# Rezound Vs. Nexus



## cobra4014 (Oct 13, 2011)

Hey guys. I got the best responses on my last tropic, (razr v rezound v nexus) and to clarify it, I would like to know everyone's personal opinion on what 2 phones to get. Nexus v Rezound. I get close to picking one, then I change my mind because I feel like I might be missing out on the capabilities of the other. Sorry for annoying you guys, I just think this is the best resource for help.

THANKS!

Deciding factors-
NO REMOVABLE STORAGE for the Nexus D: I have a 32GB Micro SD..... What?
Rezound- not as hackable as the nexus, not as many custom ROMs.


----------



## Prime7 (Oct 10, 2011)

Nexus, I know that Beats is enticing, but it is only for the native HTC music app. Nexus all the way.


----------



## ThugEsquire (Oct 11, 2011)

What is "Beats Audio" anyway? Some sort of EQ? DSP? Or is it just a set of red headphones?


----------



## mcmillanje (Jun 6, 2011)

ThugEsquire said:


> What is "Beats Audio" anyway? Some sort of EQ? DSP? Or is it just a set of red headphones?


Both actually.
The Rezound comes with a set of "beats by dre" earbuds in the box. (Yep, they're red.)
It's a pretty good headset. (Not saying it's an audiophile's dream or anything, just saying they're better than your $9.99 pair from target)

The Rezound also has a built in DSP that detects when that specific headset is plugged in, and processes the audio specifically for it.

What I don't know, is if it's software / hardware / both. However, what it does mean, is you plug in the headset and it sounds good. So if you're not into tweaking audio for each song, (some of us love to eq anyway so it's no bother...







) it's a pre-baked solution that just works.

As for nexus vs. rezound:

Removable battery: rezound
Screen: nexus wins (hd + samoled)
processor: probably a toss up (hey, i know it's 1.2 vs 1.5 but really, we all know how to overclock, don't we?)
hackability: nexus

Nexus also has NFC, which would be fun to play with.

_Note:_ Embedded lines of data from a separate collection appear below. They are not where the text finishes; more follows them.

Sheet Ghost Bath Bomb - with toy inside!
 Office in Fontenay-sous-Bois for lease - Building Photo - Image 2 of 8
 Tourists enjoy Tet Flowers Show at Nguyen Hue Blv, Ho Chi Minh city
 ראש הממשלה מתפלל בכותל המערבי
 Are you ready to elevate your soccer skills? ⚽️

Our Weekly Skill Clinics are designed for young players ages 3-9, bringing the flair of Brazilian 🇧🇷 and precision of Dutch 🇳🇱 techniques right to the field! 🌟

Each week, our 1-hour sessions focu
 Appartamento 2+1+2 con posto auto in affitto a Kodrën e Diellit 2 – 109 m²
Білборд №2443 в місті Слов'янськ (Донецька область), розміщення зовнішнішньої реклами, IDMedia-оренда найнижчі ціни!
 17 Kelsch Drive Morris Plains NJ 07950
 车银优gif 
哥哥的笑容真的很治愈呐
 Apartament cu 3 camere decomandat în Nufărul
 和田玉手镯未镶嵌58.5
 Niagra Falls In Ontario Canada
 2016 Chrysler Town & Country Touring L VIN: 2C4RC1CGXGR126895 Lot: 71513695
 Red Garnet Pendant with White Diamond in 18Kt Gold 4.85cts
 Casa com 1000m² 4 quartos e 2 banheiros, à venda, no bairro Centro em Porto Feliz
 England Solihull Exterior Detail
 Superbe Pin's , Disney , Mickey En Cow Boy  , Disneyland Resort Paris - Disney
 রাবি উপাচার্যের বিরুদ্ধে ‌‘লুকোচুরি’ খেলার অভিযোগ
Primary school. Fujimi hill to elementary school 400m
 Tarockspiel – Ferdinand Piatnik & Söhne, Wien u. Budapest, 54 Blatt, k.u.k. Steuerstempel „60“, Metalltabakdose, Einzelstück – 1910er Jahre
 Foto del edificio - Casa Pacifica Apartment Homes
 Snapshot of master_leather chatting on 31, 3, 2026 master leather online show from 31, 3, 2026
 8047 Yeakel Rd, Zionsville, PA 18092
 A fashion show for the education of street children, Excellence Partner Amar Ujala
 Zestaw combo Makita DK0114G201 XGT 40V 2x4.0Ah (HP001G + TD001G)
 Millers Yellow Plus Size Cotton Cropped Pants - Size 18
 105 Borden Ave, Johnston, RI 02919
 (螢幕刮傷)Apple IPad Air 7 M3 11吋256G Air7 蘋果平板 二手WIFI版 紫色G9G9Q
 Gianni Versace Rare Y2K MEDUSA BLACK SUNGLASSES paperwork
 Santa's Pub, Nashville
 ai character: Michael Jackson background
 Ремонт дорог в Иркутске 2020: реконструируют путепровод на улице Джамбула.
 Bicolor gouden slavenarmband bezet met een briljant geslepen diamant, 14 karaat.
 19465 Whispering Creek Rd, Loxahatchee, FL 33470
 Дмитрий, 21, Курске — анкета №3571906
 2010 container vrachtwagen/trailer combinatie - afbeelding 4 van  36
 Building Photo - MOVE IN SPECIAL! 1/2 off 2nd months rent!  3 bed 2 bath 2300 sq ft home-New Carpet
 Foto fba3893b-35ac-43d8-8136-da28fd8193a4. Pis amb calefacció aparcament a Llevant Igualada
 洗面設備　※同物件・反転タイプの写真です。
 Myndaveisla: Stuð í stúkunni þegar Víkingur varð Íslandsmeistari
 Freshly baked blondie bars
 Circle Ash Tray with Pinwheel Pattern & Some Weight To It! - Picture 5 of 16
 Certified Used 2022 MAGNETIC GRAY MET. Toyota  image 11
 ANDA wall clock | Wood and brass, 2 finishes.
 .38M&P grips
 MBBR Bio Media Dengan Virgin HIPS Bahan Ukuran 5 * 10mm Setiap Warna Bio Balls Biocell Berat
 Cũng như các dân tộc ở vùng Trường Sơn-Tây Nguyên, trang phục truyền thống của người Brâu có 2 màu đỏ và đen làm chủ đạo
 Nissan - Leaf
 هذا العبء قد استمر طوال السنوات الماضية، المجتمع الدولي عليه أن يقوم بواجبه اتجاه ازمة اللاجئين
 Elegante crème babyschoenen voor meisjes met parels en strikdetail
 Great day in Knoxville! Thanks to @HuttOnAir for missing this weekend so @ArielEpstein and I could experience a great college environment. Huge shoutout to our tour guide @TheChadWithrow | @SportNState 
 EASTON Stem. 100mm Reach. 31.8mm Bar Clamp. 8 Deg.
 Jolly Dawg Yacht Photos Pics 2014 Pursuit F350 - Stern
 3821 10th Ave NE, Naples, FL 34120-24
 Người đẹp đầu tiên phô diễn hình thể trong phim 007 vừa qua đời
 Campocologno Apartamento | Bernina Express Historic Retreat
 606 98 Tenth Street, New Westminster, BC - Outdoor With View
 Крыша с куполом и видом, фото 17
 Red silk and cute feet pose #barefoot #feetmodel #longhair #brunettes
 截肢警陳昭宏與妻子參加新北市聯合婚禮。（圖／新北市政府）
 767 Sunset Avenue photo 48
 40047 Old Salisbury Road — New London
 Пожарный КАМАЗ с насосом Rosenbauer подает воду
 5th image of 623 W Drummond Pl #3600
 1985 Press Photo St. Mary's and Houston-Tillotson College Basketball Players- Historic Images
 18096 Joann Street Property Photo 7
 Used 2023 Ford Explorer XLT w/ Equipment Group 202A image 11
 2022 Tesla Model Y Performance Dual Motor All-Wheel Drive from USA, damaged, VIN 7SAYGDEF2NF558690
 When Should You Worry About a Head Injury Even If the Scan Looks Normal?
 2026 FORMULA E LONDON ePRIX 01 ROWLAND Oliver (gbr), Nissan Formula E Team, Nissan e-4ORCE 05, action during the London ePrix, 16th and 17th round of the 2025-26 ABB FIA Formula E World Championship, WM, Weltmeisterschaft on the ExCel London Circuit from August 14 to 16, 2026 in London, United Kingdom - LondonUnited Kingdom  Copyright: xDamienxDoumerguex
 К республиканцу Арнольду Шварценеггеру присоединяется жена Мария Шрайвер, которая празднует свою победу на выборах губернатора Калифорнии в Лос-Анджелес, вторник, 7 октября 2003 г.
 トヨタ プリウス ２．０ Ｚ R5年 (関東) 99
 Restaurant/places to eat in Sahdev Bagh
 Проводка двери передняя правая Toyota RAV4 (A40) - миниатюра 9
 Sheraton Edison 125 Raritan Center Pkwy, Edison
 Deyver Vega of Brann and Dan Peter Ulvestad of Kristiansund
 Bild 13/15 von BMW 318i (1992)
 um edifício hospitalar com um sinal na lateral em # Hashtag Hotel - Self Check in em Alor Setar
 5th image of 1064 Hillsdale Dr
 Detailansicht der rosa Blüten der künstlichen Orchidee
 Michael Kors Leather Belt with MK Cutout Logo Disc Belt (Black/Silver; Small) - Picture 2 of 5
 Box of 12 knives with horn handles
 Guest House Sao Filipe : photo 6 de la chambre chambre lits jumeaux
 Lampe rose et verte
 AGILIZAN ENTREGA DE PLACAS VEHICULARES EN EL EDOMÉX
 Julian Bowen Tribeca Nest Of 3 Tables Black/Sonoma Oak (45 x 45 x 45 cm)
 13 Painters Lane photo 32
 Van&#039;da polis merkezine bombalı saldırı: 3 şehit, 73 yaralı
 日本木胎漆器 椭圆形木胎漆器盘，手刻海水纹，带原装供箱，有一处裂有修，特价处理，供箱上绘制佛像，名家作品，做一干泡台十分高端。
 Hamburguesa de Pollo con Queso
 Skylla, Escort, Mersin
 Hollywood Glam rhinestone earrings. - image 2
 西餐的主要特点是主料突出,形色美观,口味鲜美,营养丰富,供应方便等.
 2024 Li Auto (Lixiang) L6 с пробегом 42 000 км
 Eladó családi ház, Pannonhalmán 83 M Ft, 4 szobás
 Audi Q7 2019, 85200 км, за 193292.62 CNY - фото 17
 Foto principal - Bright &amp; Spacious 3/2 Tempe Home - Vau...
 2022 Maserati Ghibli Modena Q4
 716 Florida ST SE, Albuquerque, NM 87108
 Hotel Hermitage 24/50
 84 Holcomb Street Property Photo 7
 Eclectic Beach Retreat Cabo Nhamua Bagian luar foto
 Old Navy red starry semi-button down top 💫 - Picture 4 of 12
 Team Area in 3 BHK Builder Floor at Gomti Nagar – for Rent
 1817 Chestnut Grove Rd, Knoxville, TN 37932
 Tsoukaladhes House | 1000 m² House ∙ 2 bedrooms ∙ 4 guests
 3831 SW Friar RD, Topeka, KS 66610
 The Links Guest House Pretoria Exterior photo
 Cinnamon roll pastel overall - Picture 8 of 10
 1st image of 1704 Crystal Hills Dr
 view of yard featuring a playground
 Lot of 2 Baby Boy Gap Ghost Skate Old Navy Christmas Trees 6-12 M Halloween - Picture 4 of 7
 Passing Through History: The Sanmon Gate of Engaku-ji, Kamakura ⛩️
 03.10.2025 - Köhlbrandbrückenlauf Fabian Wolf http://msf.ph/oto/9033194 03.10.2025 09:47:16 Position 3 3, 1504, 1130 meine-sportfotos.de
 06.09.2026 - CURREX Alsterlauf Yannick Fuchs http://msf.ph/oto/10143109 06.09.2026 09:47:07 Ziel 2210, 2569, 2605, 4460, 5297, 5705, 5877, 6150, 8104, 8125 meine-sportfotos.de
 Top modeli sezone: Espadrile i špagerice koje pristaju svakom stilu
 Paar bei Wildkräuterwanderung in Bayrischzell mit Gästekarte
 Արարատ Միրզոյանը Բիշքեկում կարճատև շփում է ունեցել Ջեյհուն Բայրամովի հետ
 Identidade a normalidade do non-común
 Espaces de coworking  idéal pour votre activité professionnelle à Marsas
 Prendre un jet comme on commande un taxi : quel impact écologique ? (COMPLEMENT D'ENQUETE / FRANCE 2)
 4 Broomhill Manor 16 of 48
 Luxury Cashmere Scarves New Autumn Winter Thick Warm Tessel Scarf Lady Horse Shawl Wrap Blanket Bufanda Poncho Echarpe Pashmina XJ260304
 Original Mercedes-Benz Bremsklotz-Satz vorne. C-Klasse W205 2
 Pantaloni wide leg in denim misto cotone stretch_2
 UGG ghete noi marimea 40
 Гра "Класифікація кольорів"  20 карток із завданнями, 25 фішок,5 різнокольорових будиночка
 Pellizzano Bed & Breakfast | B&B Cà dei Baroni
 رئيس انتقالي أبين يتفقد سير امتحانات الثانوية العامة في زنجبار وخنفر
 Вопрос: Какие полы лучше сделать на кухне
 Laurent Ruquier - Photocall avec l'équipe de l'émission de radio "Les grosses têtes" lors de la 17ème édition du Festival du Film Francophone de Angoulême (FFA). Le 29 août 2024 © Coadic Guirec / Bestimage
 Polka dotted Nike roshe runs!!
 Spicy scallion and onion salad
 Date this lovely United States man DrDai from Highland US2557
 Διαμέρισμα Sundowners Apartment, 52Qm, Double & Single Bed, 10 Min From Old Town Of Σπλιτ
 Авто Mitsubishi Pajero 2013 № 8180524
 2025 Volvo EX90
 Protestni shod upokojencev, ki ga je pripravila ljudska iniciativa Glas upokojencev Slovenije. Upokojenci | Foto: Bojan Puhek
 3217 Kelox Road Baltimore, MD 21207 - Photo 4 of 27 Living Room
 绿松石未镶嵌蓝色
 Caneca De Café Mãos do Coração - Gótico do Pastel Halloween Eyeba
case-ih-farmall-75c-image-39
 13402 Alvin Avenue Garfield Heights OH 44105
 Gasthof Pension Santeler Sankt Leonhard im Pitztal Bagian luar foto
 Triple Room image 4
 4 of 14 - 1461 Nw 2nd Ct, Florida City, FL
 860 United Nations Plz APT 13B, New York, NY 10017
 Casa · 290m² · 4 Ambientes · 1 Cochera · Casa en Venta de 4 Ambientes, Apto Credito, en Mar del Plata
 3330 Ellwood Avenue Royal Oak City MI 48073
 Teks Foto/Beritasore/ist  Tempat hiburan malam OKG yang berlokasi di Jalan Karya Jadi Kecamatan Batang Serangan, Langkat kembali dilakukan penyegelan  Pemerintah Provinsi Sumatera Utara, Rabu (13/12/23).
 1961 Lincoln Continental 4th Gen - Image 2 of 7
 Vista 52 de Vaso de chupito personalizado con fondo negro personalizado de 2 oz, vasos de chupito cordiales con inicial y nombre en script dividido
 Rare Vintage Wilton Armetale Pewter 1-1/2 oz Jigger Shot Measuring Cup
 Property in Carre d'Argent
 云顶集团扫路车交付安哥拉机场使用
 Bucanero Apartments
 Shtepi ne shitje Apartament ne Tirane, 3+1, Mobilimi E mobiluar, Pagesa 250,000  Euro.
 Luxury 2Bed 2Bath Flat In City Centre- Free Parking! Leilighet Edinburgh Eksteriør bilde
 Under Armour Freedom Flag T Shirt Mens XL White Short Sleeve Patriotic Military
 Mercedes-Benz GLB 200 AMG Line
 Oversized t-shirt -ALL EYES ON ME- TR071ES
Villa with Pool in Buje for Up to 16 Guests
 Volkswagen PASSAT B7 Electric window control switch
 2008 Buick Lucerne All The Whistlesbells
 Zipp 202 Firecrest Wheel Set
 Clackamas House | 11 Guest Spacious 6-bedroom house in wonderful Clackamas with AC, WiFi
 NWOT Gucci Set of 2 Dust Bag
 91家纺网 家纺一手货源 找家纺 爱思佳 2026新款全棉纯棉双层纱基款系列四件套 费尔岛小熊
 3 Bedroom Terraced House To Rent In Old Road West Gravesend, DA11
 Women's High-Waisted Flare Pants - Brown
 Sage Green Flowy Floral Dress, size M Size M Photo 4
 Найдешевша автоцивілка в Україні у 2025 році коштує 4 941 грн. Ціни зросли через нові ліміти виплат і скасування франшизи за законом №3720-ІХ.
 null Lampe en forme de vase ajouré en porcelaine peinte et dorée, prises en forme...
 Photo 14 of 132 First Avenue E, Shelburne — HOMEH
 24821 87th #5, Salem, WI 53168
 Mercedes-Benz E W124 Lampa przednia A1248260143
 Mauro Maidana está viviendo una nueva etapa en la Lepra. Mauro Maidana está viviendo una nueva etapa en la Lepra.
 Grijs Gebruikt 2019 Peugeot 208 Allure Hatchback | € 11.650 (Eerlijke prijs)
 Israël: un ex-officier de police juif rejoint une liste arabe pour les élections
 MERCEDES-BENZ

I've played around with it, and it is FAST.


----------



## kshen1 (Jul 17, 2011)

NEXUS!


----------



## dakoop (Aug 31, 2011)

And why not the razr?

Sent from my ADR6400L using Tapatalk


----------



## corki2 (Sep 6, 2011)

I got the Rezound because the specs are overall better than the Nexus. I went to Verizon yesterday and compared them for myself. I like the Rezound screen better. After owning a couple of Samsung devices, I don't care for Samsung build quality. The Rezound is a solid device whereas the Nexus is plastic. The camera and volume issues seem to plaque the Nexus according to many posts I've read. The only thing the Nexus has over the Rezound is ICS and the Rezound will get it. The Rezound is a much better quality device with better specs. You should go over to the the XDA Nexus and Rezound forums. That will give you a host of information on each from people who own them.


----------



## Melon Bread (Nov 29, 2011)

Nexus just from the stand point of how amazing the modding community is for it.


----------



## corys00 (Jul 21, 2011)

Supercurio is working on audio for the Nexus. The man can do quite a bit to squeeze all the performance out of audio chipsets.


----------



## neyenlives (Aug 5, 2011)

mcmillanje said:


> Both actually.
> The Rezound comes with a set of "beats by dre" earbuds in the box. (Yep, they're red.)
> It's a pretty good headset. (Not saying it's an audiophile's dream or anything, just saying they're better than your $9.99 pair from target)
> 
> ...


The Rezound is like yesterdays cold coffee now....old news and it will never see the development and options the Nexus will. Nexus win.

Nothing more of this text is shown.